**Work instructions:**
From the data that follows, print exactly the lines starting at the one containing "Studio in Valencia" and ending at the one containing "Black Frame 61 Sunglasses in Acetate Black"; include both of them and nothing more.

**Provided entries:**
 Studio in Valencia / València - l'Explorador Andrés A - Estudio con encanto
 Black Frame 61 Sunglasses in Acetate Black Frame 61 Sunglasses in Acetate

...

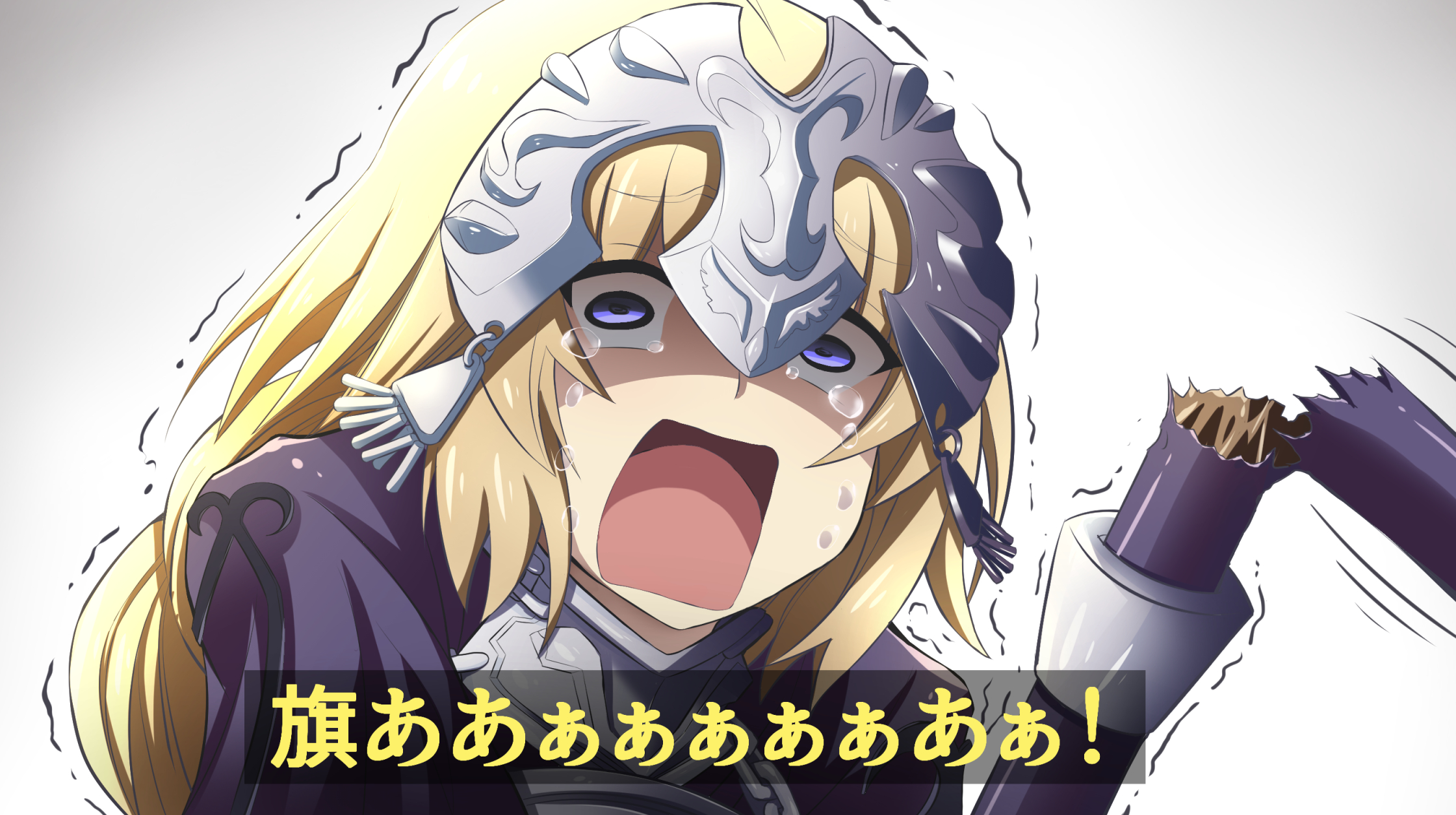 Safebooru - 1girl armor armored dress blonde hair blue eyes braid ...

**Result of the exercise:**
 Studio in Valencia / València - l'Explorador Andrés A - Estudio con encanto
 Black Frame 61 Sunglasses in Acetate Black Frame 61 Sunglasses in Acetate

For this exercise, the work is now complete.